Cortland joins nationwide effort to save local journalism

Cortland joins nationwide effort to save local journalism

04/04/2023 

SUNY Cortland is joining a nationwide network of college and university programs aiming to support local news organizations by tapping the energy and talent of students. 

The university is hosting the first Upstate New York faculty training session by the Center for Community News (CCN), a nonprofit that works to help create and connect student newsrooms throughout the United States.

In addition to SUNY Cortland faculty, educators from nine other New York higher education institutions are expected to attend the April 14 event and then create, or strengthen, community journalism on their campuses.

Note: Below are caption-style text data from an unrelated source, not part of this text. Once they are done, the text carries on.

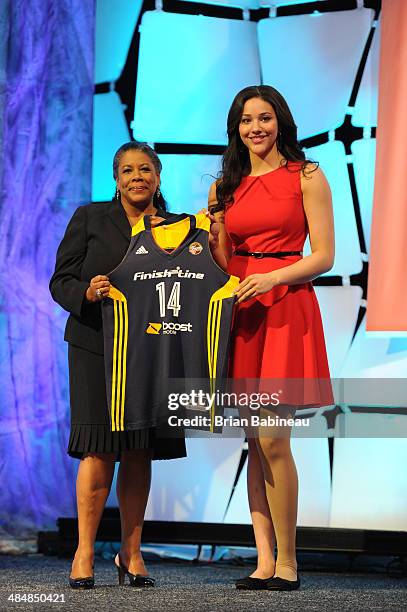 President Laurel Richie poses with Natalie Achonwa after being drafted number nine overall by the Indiana Fever during the 2014 WNBA Draft Presented...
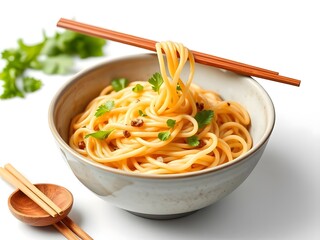 Delicious Bowl of Spaghetti Noodles with Herbs and Chicken Isolated on White Background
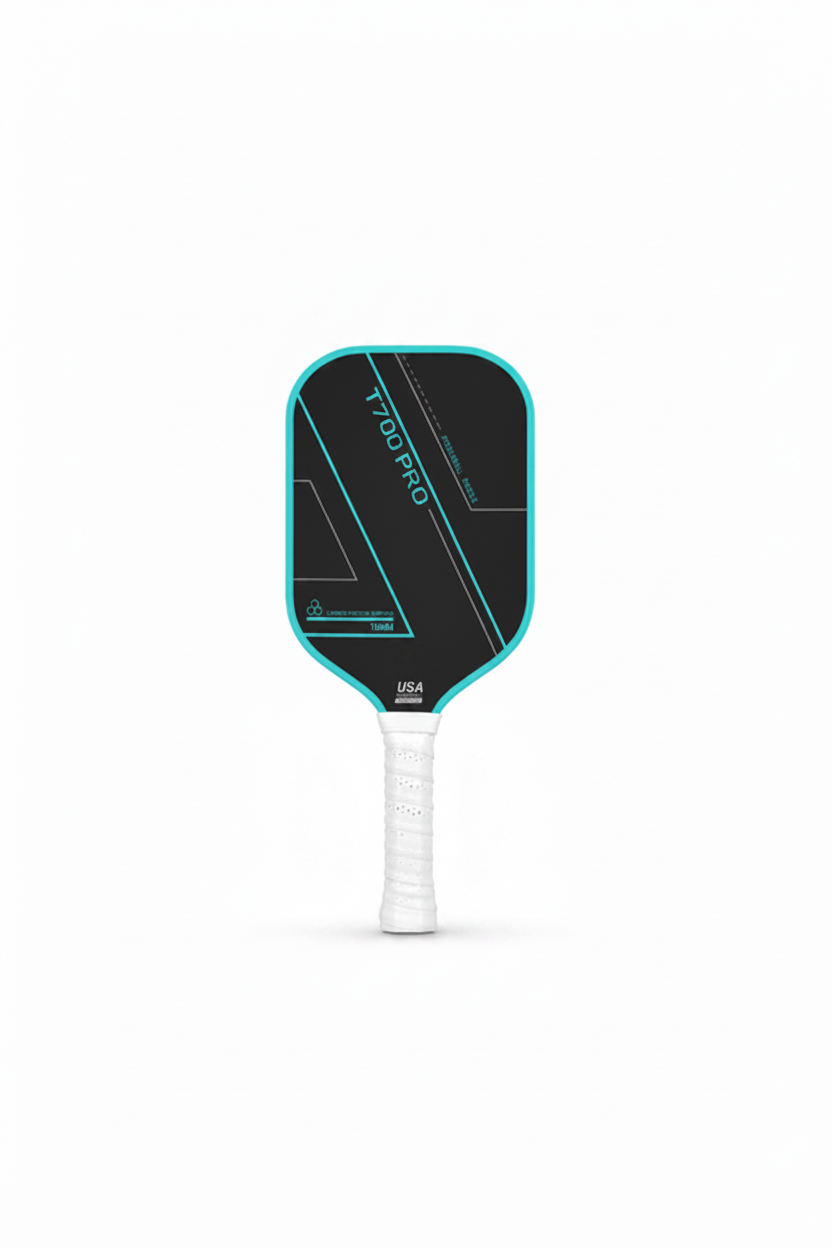 Pickleball paddle with turquoise and black design on a white background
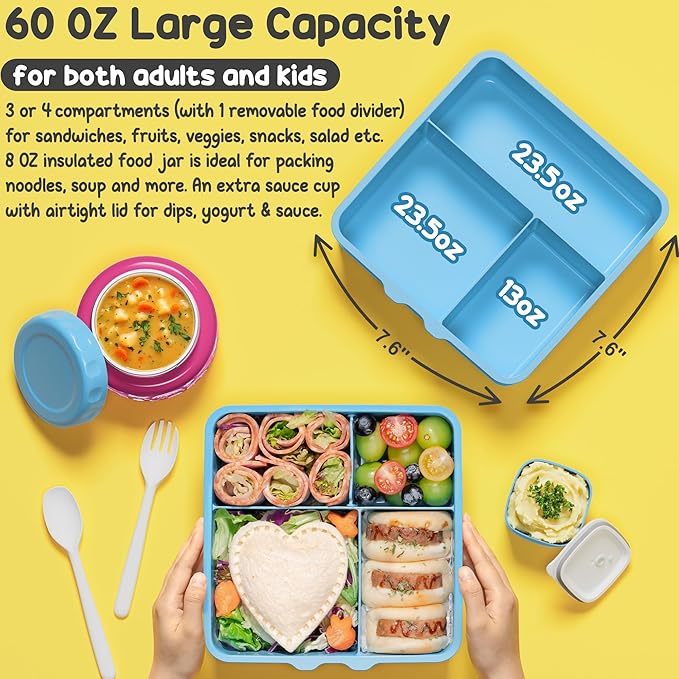 Fimibuke Bento lunch Box Set for Kids Adult with 8oz Insulated Food Jar, Lunch Bag & Sauce Cup, Leakproof Dishwasher Safe Toddler Lunch Food Container with 3-4 Compartment for School Girls Boys
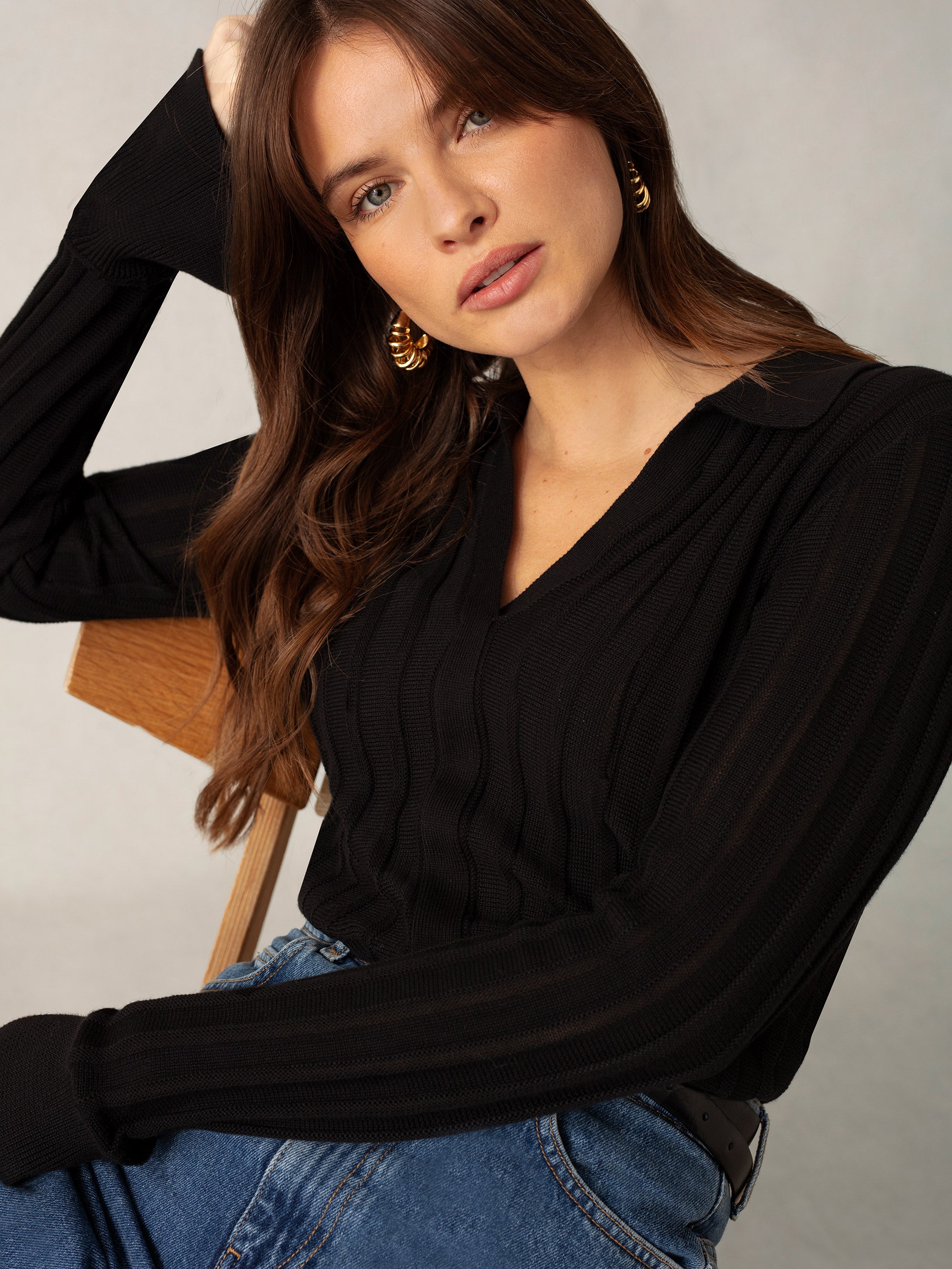 CLANE 24AW VELOR COLLAR KNIT TOPS ブラック CLANE(クラネ)｜VELOUR COLLAR KNIT TOPS ニット/BROWN の通販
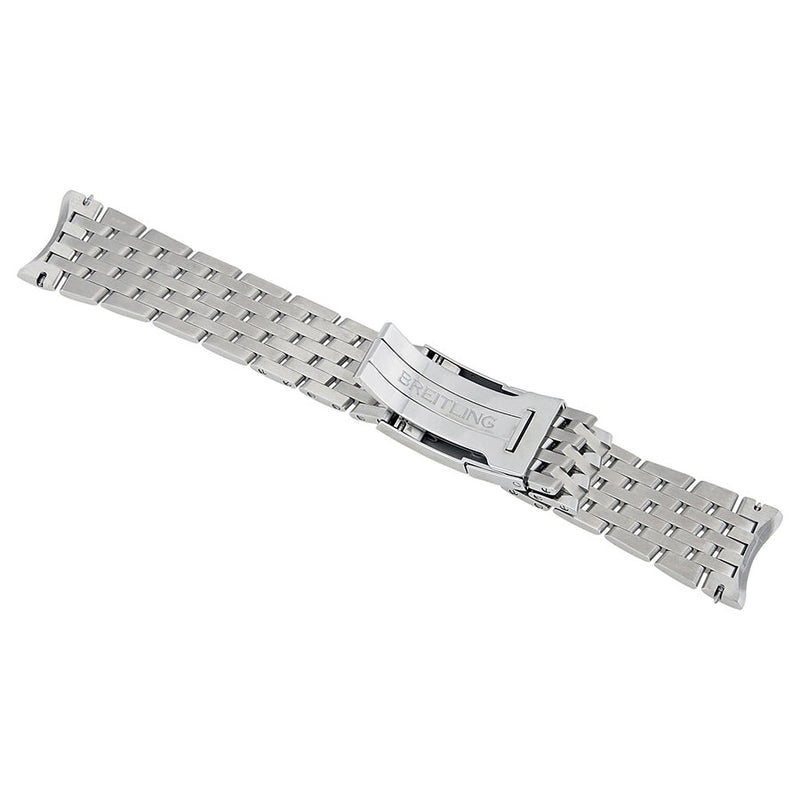 Breitling Stainless Silver Bracelet with Depoyment Clasp 24 mm / 20 mm#453A - Watches of America #2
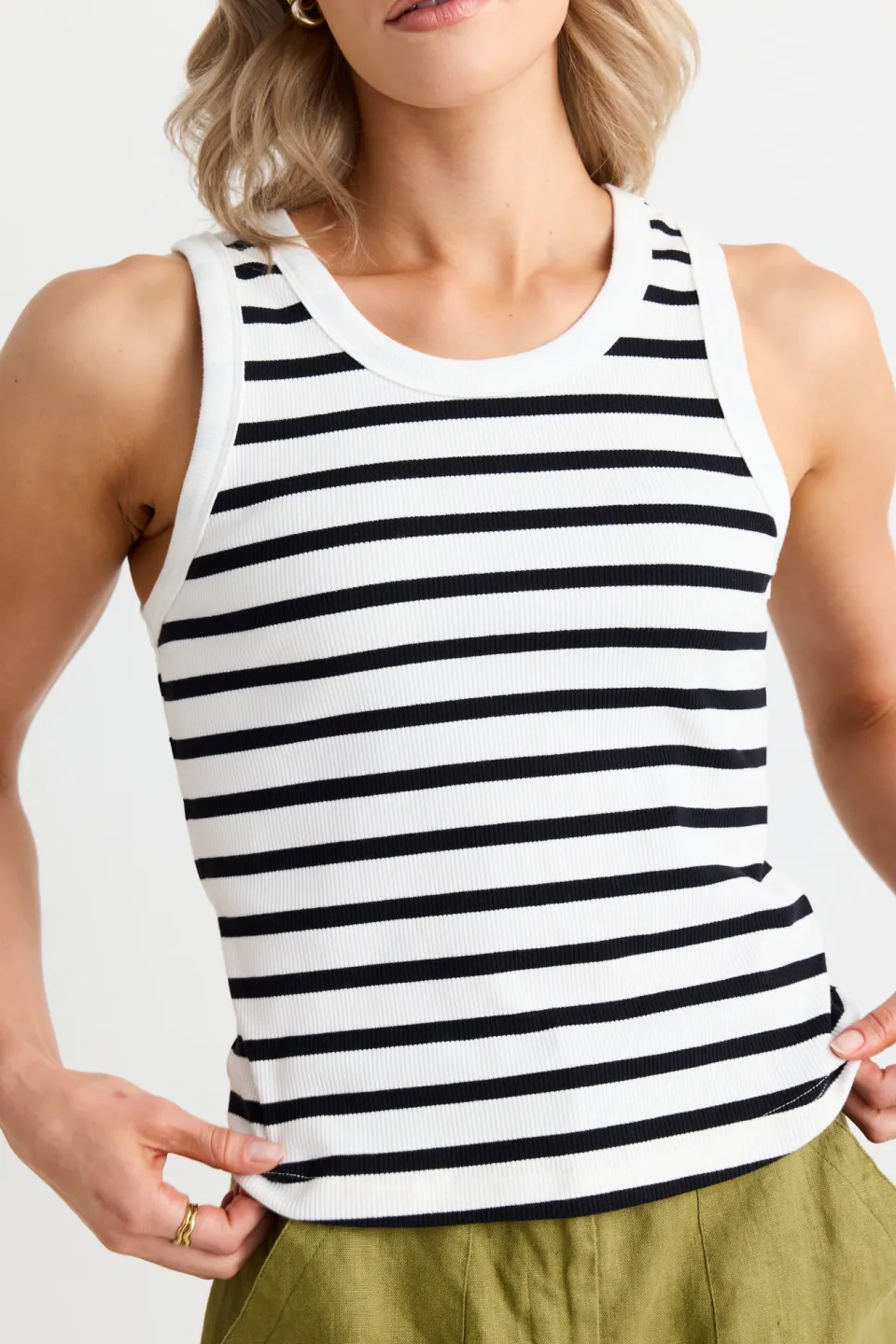 RE:UNION Label Cobble White Black Stripe Rib Cutaway Tank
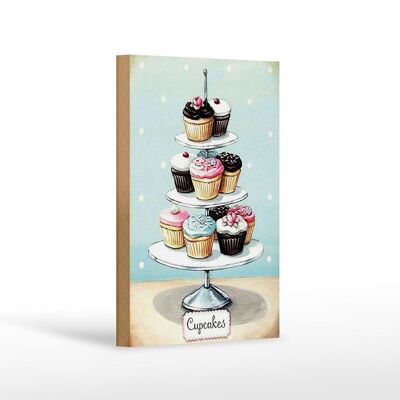Letrero de madera dulces 12x18 cm cupcakes decoración tarta pequeña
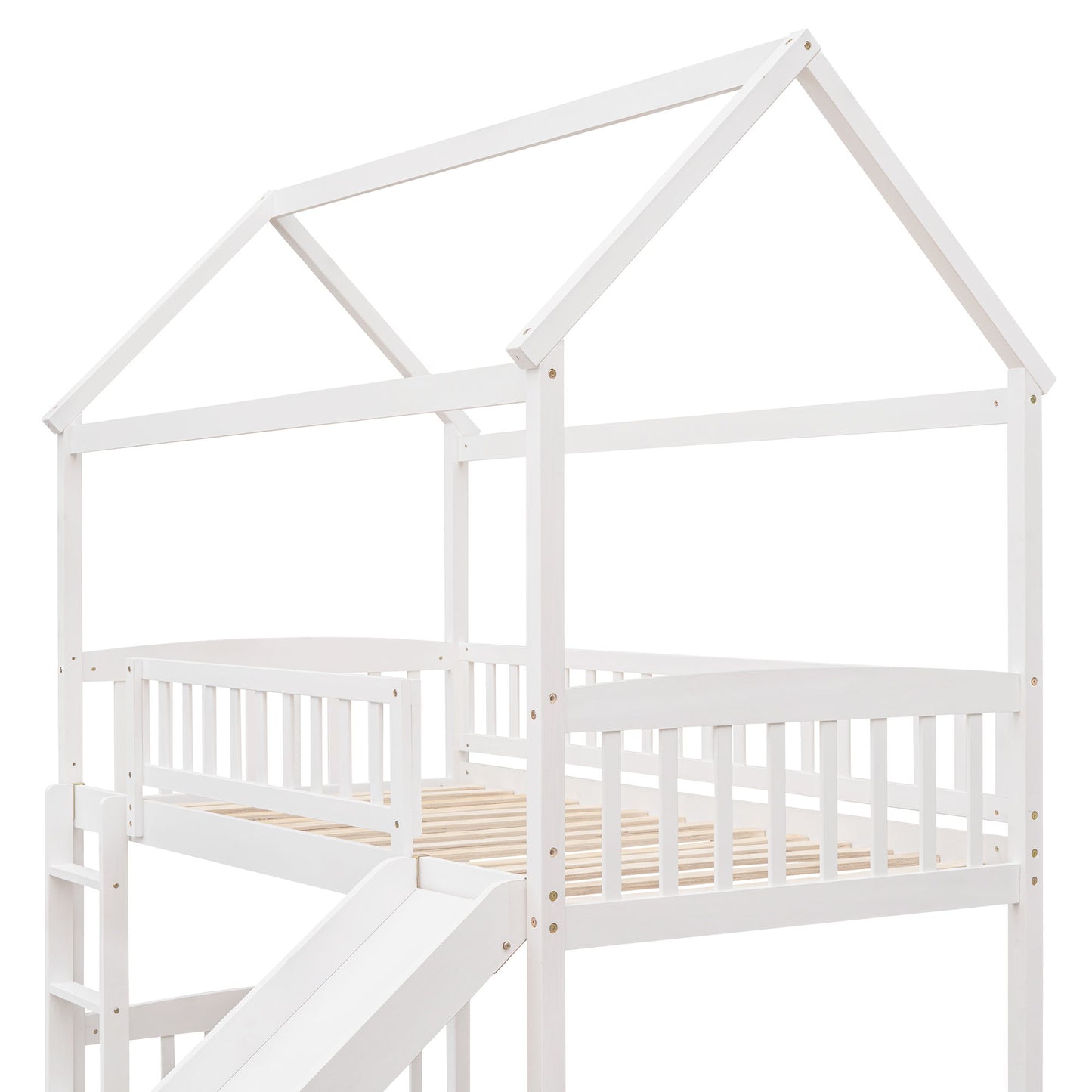 Twin House Loft Bed With Slide - White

“So much evidence shows that a lack of local news contributes to increased polarization in society,” said CCN founder and SUNY Cortland alum Richard Watts ’85, noting the dramatic reduction of local news operations that has occurred over the last several decades. 

“On one hand, this is a win for students, and then on the other hand you’re providing content. That is what’s needed … I see this as part of the solution.”

Part of SUNY Cortland’s contribution to the solution will be a new public affairs radio show and podcast focusing on local news beyond the confines of the campus. Caroline Kaltefleiter, a former broadcast journalist and current professor in the Communication and Media Studies Department, will host and manage a team of student reporters. 

The proposal earned a community news grant from CCN, and Kaltefleiter is now a CCN faculty champion.

Watts, a journalism professor at the University of Vermont, created the first CCN newsroom on his campus in 2019, guiding student journalists in reporting and producing local news stories and connecting with programs at other institutions. 

“Similar programs exist,” he said. “But there hasn’t been any collection of them all so they could learn from each other and inspire each other.”

Watts’ vision is to connect the 120 university-led student reporting programs around the nation in a way that coordinates coverage, shares best practices and supplements news content that is increasingly hard to find as news payrolls shrink and organizations combine or collapse.

“The students can learn applied skills through being a reporter, where you interview people and you take complicated subjects and turn them into stories,” Watts said. “All these critical skills are going to be helpful to you, so there’s that applied or experiential learning component that is so important to young people who want to do real things.”